WHAT YOU WILL DO: Once the line holding "57f857667d4b075f1050f621b4c33100.jpg" is found, output it and all remaining lines of the data exactly, with every picture left out.

LISTED RECORDS:
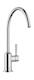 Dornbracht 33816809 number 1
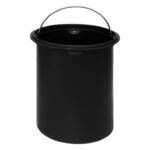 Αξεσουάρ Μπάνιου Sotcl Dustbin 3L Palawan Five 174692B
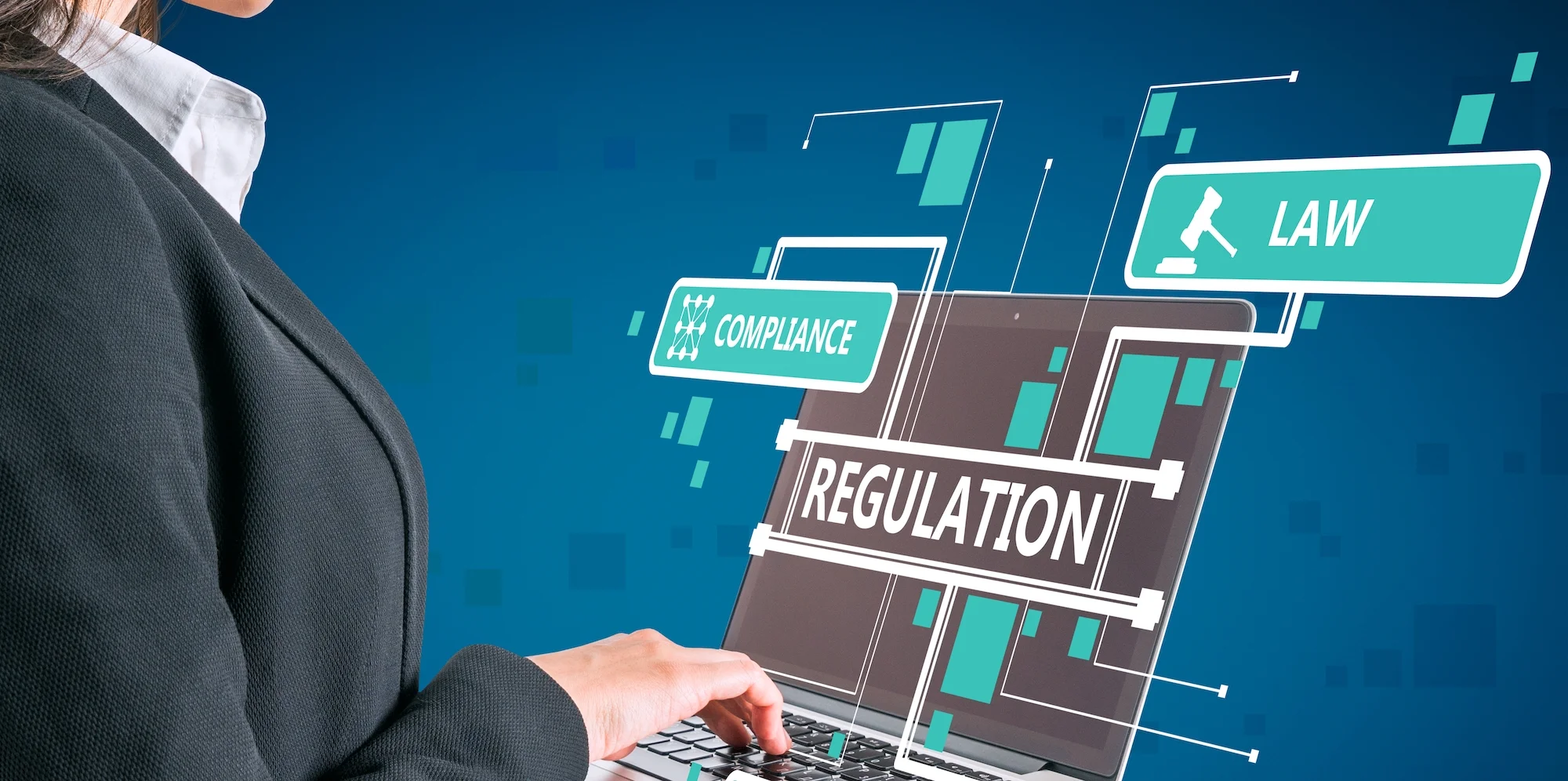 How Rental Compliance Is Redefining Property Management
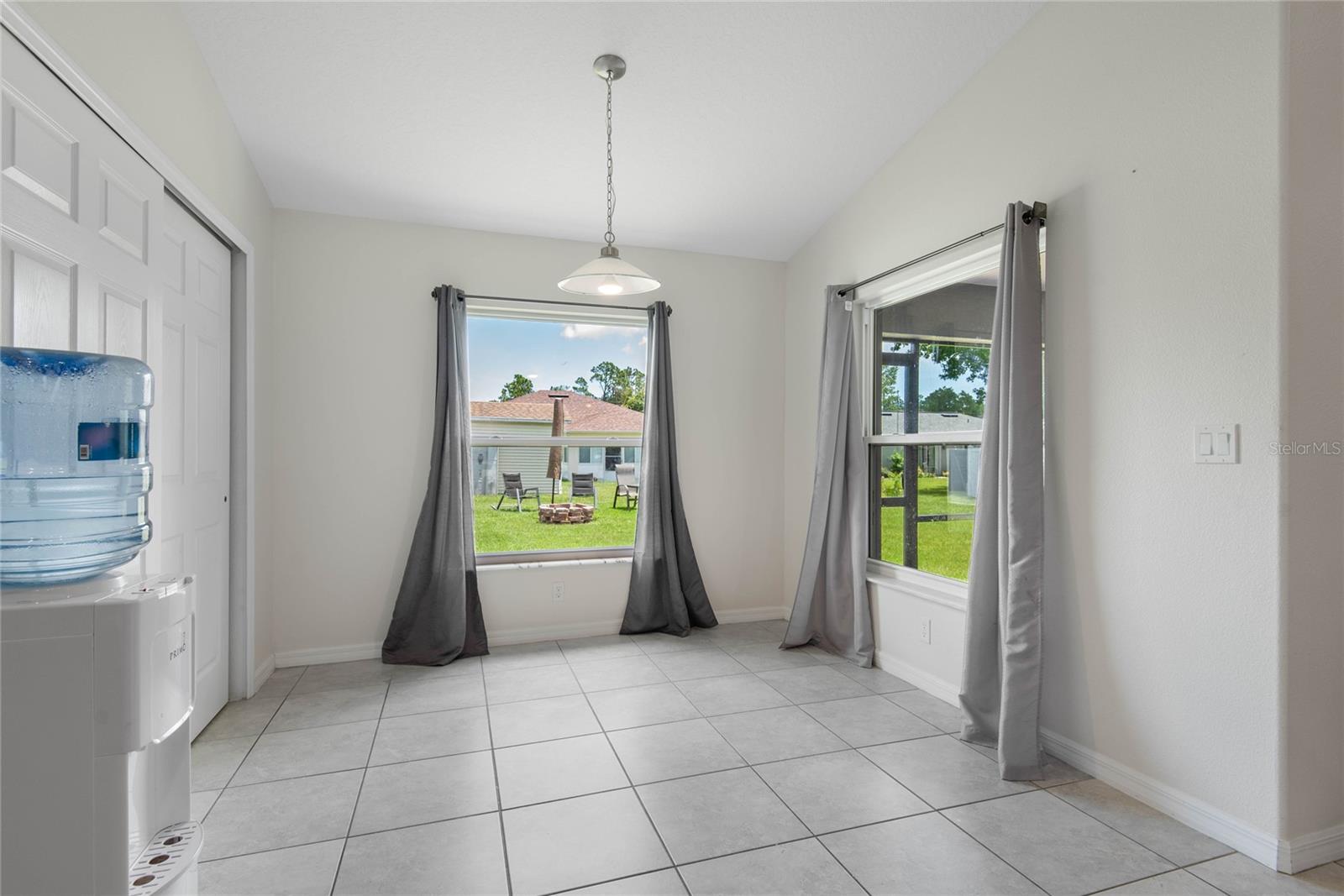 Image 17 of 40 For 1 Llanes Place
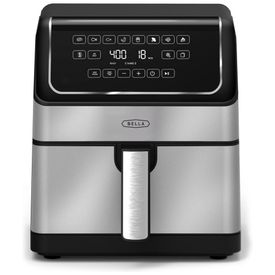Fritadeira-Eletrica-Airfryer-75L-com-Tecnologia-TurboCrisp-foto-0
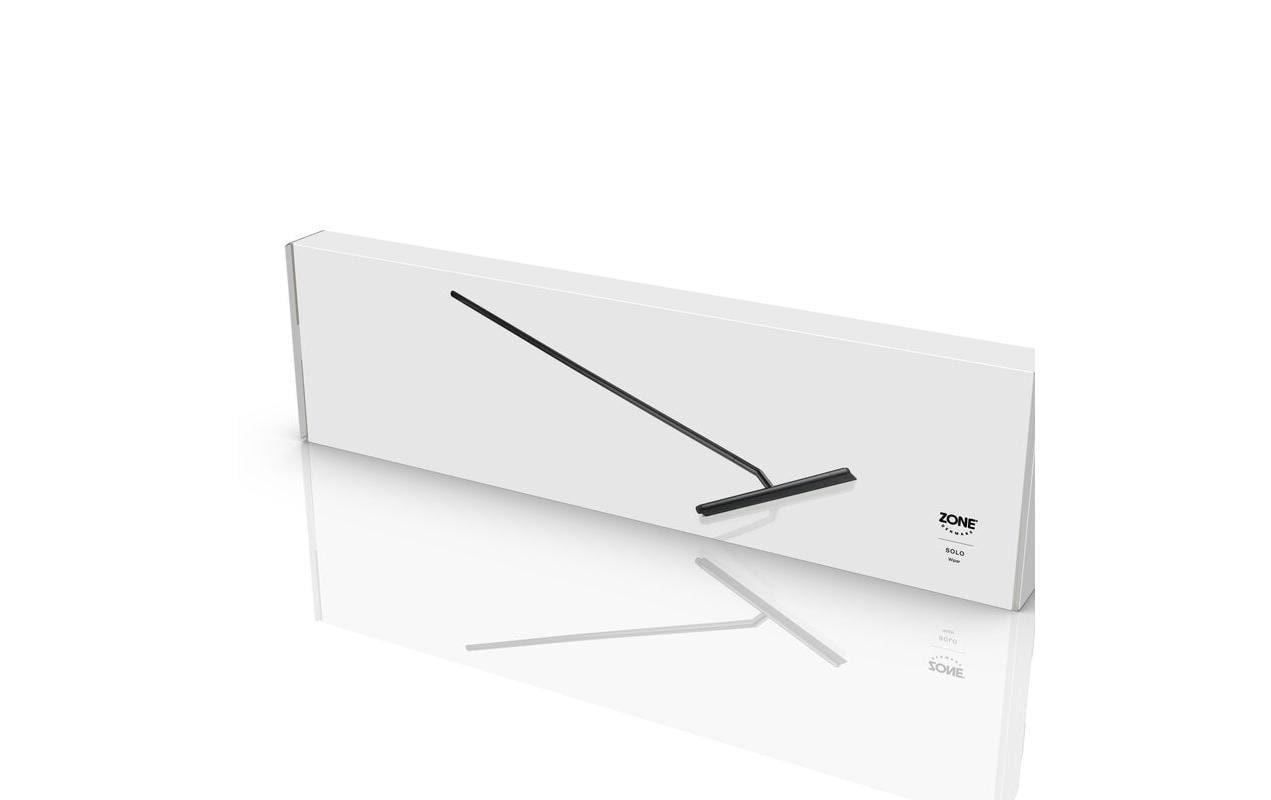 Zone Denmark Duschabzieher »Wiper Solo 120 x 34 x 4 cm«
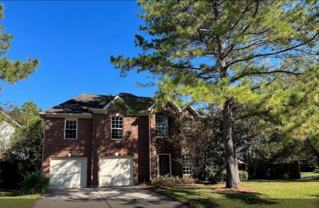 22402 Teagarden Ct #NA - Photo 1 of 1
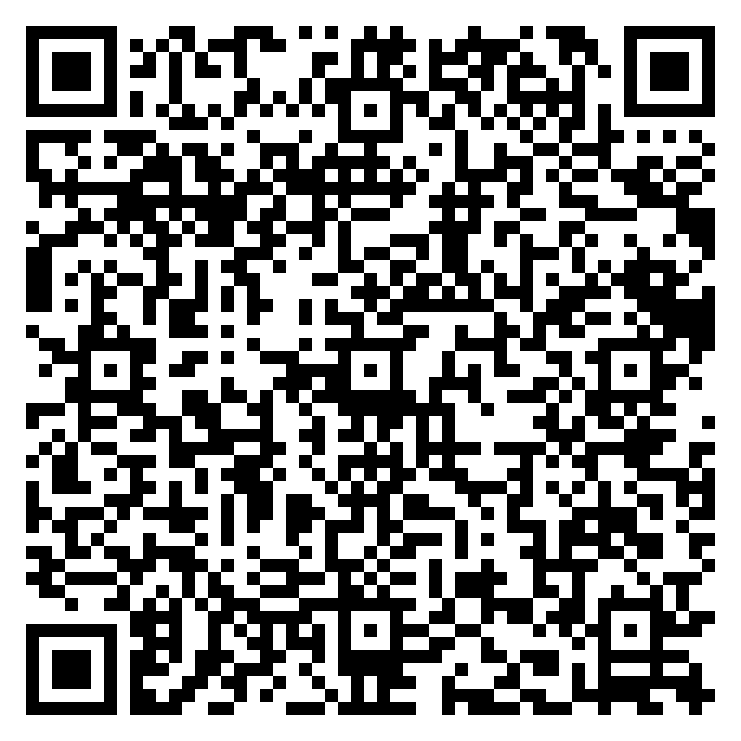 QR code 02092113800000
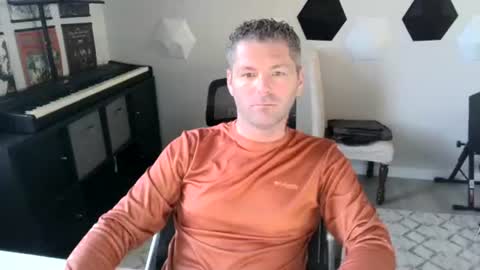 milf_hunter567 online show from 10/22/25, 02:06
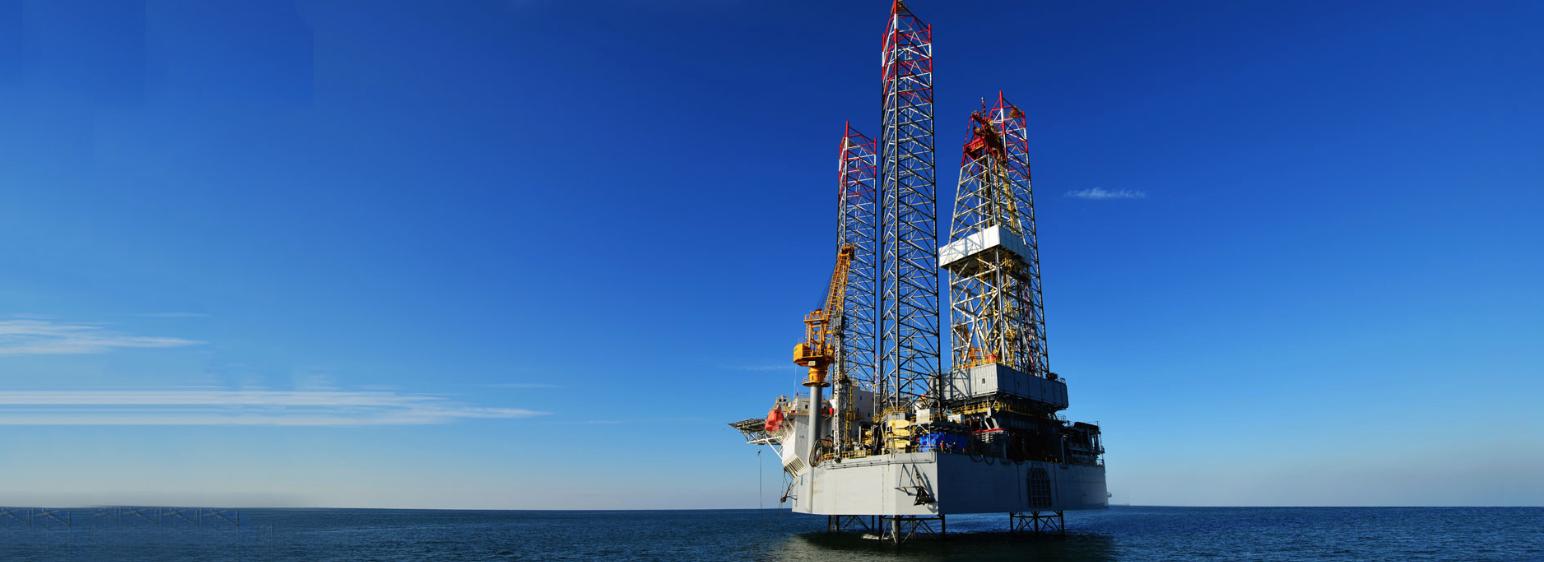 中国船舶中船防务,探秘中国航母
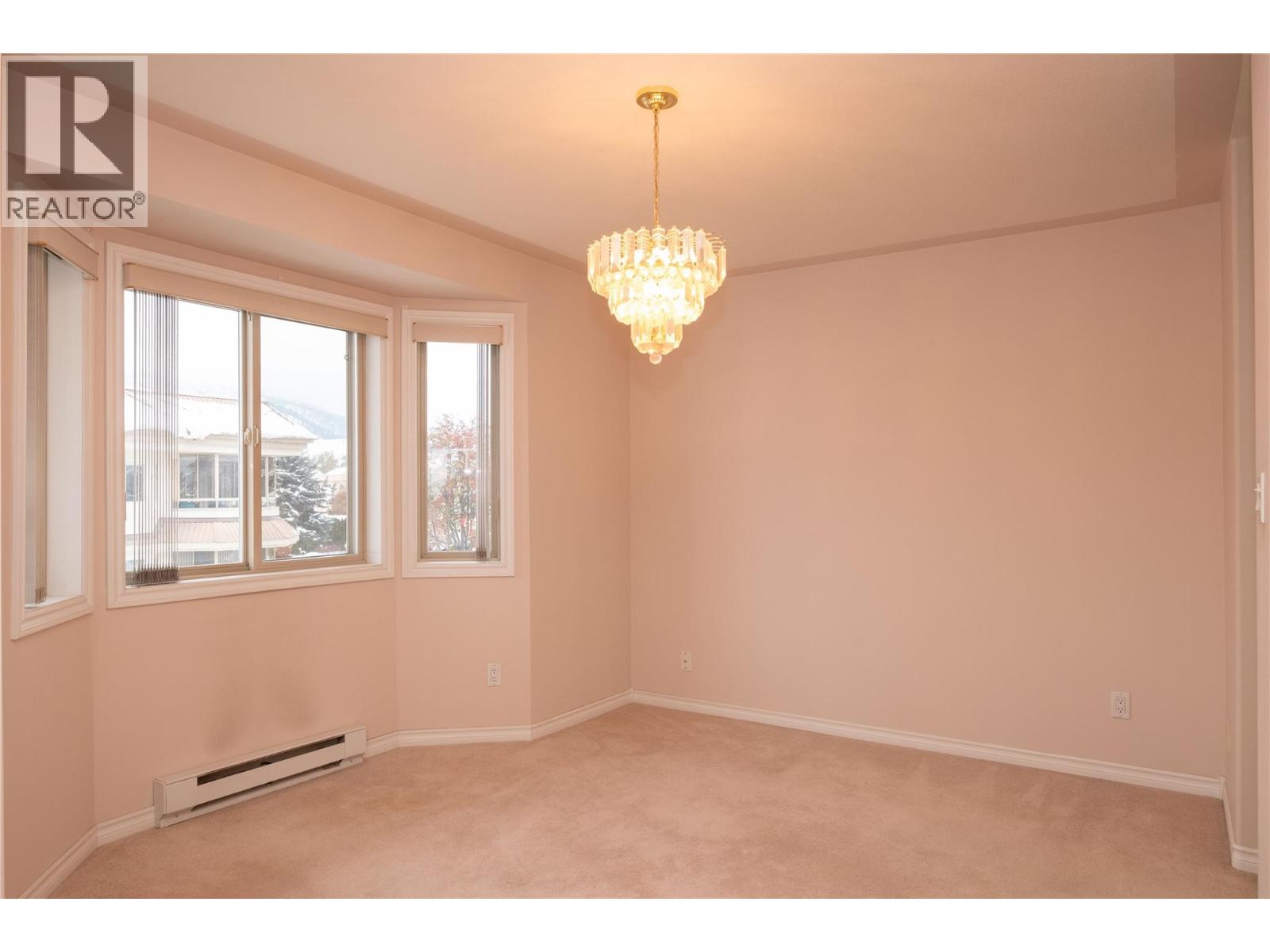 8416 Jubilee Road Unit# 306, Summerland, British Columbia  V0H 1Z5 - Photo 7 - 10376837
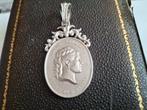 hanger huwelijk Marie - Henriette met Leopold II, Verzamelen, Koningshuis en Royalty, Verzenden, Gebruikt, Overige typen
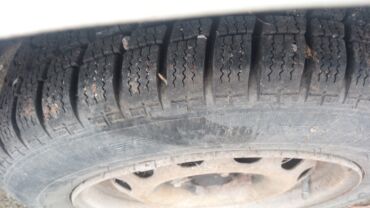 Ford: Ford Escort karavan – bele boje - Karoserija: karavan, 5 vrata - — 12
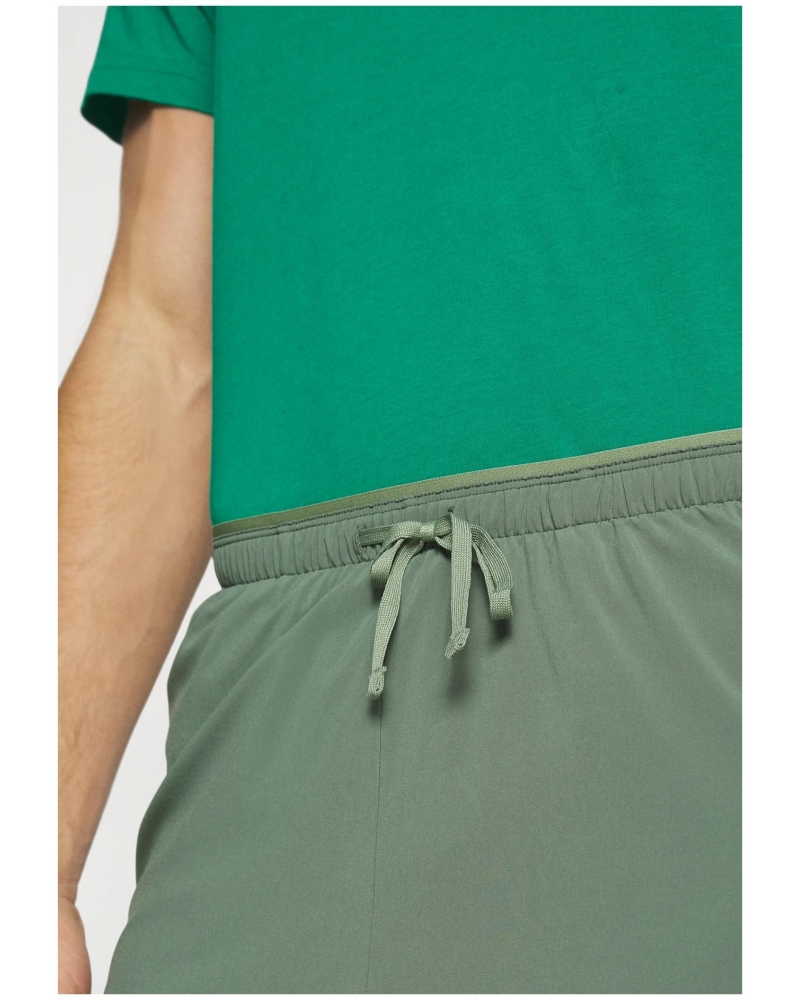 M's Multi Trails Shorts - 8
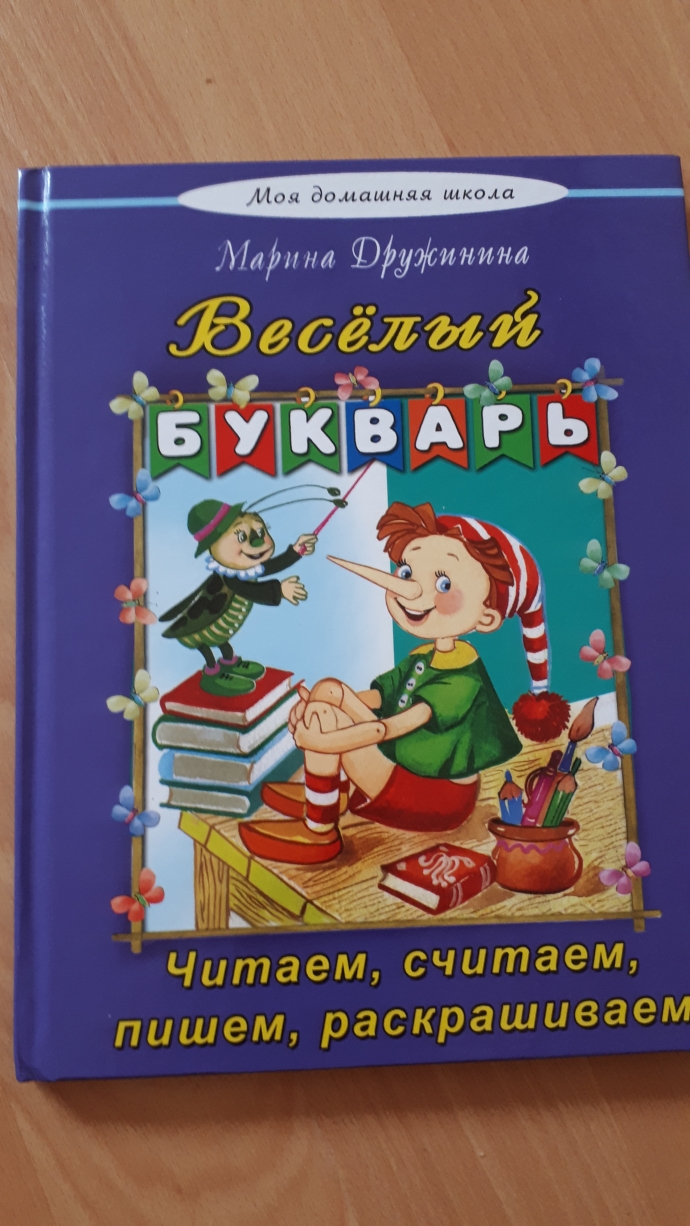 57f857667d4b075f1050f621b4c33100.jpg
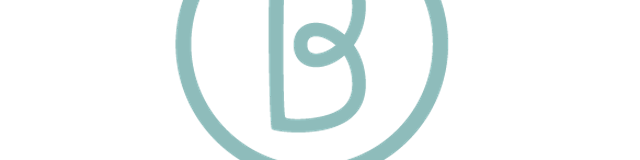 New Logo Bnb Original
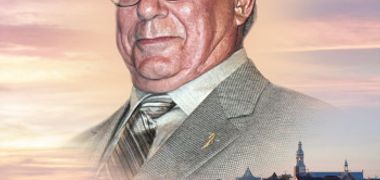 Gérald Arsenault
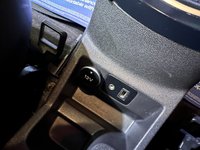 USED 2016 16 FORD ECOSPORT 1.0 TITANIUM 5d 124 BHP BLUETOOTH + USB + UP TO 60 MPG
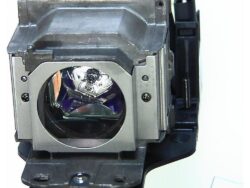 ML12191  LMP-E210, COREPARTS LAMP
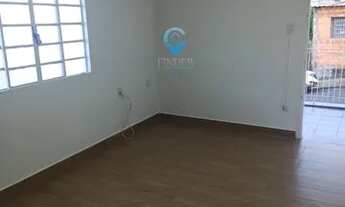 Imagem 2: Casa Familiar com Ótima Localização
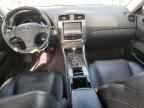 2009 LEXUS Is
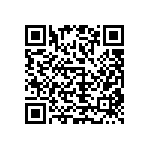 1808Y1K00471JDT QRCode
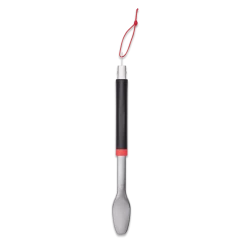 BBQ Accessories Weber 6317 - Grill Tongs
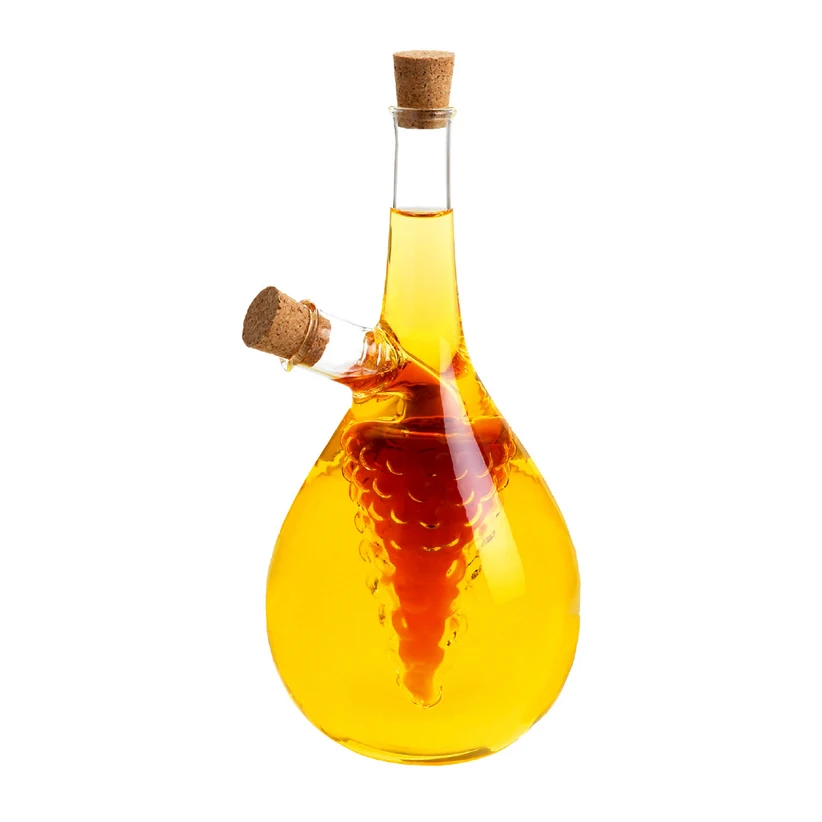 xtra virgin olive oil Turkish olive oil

OUTPUT BELOW:
 57f857667d4b075f1050f621b4c33100.jpg
 New Logo Bnb Original
 Gérald Arsenault
 USED 2016 16 FORD ECOSPORT 1.0 TITANIUM 5d 124 BHP BLUETOOTH + USB + UP TO 60 MPG
 ML12191  LMP-E210, COREPARTS LAMP
 Imagem 2: Casa Familiar com Ótima Localização
 2009 LEXUS Is
 1808Y1K00471JDT QRCode
 BBQ Accessories Weber 6317 - Grill Tongs
 xtra virgin olive oil Turkish olive oil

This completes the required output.